3. KEY ELEMENTS OF THE NEW ACT
|Key concepts||· Data Fiduciary: any person who alone or in conjunction with other persons determine the purpose and means of processing personal data.
· Data Principal: the individual to whom the personal data relates and where such individuals is a child includes the parents or lawful guardian of such a child.
· Data Processor: any personal who processes personal data on behalf of the Data Fiduciary under a valid contract, for offering of goods and services to the Data Principal. Under the 2022 Bill, Data Processors has a right to further engage another Data Processor for processing of personal data, however the Act remains silent regarding disclosure of personal data to such third Data Processors.
· Personal Data: any digital data about an individual who is identifiable by or in relation to such data.
· Personal Data Breach: an unauthorised processing of personal data or accidental disclosure, acquisition, sharing, use, alteration, destruction of or loss of access to personal data, that compromises the confidentiality, integrity or availability of personal data.
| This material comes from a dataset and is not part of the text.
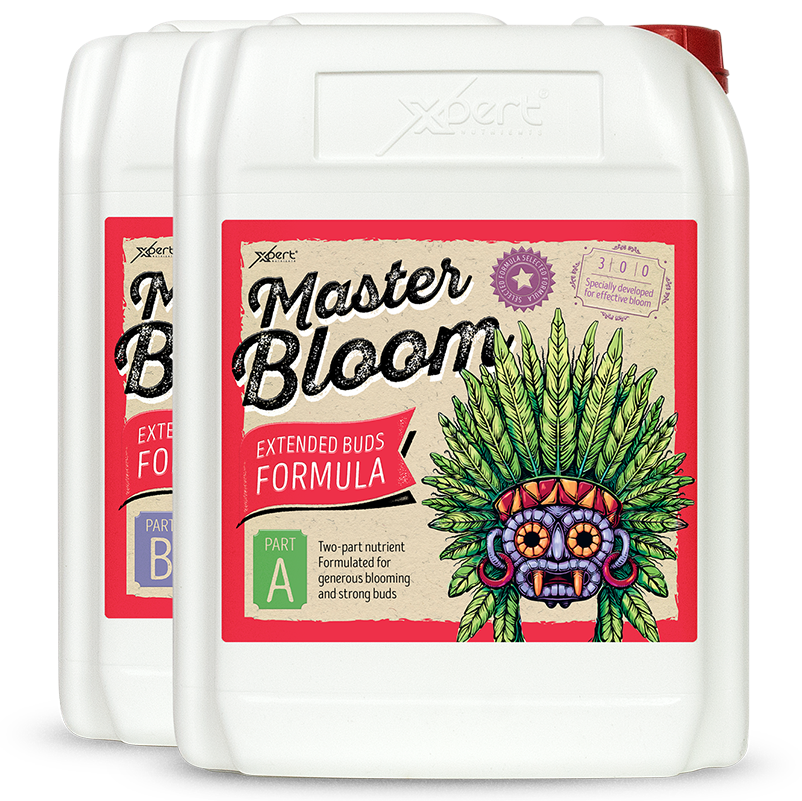 Xpert Nutrients Master Bloom A+B 10L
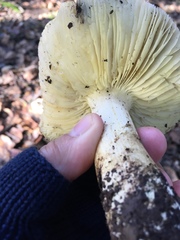 Tricholoma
· Processing: The Act extends the scope to ‘wholly or partly’ automated processing, which means that the non-automated processing is excluded from the scope of processing of personal data.
|Obligations of the Data Fiduciary||· Processing of Data
The Data Fiduciary is required to process personal data for lawful purposes for which the Data Principal has given its consent. The consent can be sought from the Data Principal in the form of a physical or electronic notice in clear and plain language containing an itemised list describing the nature of the personal data collected and the purpose of processing such Data.
· Privacy Notice
a. The Data Fiduciary shall not process personal data of Data Principal without her consent. At the time or before processing of personal data, the Data Fiduciary must send a privacy notice in clear and plain language containing the following details: (i) nature of personal data; (ii) purpose for which it is being processed; (iii) right to withdraw her consent; (iv) right to grievance redressal; and (v) right to raise a complaint with the Board.
b. If the consent is already provided prior to this Act, then the Data Fiduciaries shall send such a privacy notice to those Data Principals as well.
· General obligations
The Data Fiduciary shall:
a. be responsible to comply with the provisions under the Act while processing of any personal data by it or a data processor.
b. undertake reasonable efforts to ensure the accuracy and completeness of the personal data processed.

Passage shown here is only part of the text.